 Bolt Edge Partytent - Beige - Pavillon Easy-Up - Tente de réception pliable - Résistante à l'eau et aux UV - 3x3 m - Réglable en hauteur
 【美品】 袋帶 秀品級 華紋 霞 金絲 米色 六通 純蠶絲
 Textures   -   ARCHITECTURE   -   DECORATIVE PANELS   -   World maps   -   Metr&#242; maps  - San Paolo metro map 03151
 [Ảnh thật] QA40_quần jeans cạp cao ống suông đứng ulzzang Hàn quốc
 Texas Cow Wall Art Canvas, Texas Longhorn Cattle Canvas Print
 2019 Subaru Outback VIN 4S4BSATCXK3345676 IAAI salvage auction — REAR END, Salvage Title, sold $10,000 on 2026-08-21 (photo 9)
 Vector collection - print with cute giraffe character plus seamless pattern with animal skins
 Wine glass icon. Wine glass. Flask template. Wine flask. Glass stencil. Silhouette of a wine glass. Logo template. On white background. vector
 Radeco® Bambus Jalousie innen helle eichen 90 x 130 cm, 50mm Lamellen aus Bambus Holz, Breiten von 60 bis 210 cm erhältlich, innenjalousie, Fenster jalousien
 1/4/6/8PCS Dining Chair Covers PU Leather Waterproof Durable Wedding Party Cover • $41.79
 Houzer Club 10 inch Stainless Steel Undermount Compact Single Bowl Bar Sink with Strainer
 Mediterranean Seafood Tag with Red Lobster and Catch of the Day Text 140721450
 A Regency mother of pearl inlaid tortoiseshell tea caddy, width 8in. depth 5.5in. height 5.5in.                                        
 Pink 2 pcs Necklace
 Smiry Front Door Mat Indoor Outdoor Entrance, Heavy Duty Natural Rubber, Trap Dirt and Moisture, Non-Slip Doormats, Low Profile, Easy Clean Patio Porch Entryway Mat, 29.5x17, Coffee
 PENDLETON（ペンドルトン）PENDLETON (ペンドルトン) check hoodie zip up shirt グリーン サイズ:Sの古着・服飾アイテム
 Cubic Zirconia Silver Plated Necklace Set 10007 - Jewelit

=-=-=

◆ Instructions for the task: Go through the listing above and write out exactly the lines starting with the one holding "metro map 03151" and running through the one holding "Vector collection - print", ends included, and no others.

◆ Your response:
 Textures   -   ARCHITECTURE   -   DECORATIVE PANELS   -   World maps   -   Metr&#242; maps  - San Paolo metro map 03151
 [Ảnh thật] QA40_quần jeans cạp cao ống suông đứng ulzzang Hàn quốc
 Texas Cow Wall Art Canvas, Texas Longhorn Cattle Canvas Print
 2019 Subaru Outback VIN 4S4BSATCXK3345676 IAAI salvage auction — REAR END, Salvage Title, sold $10,000 on 2026-08-21 (photo 9)
 Vector collection - print with cute giraffe character plus seamless pattern with animal skins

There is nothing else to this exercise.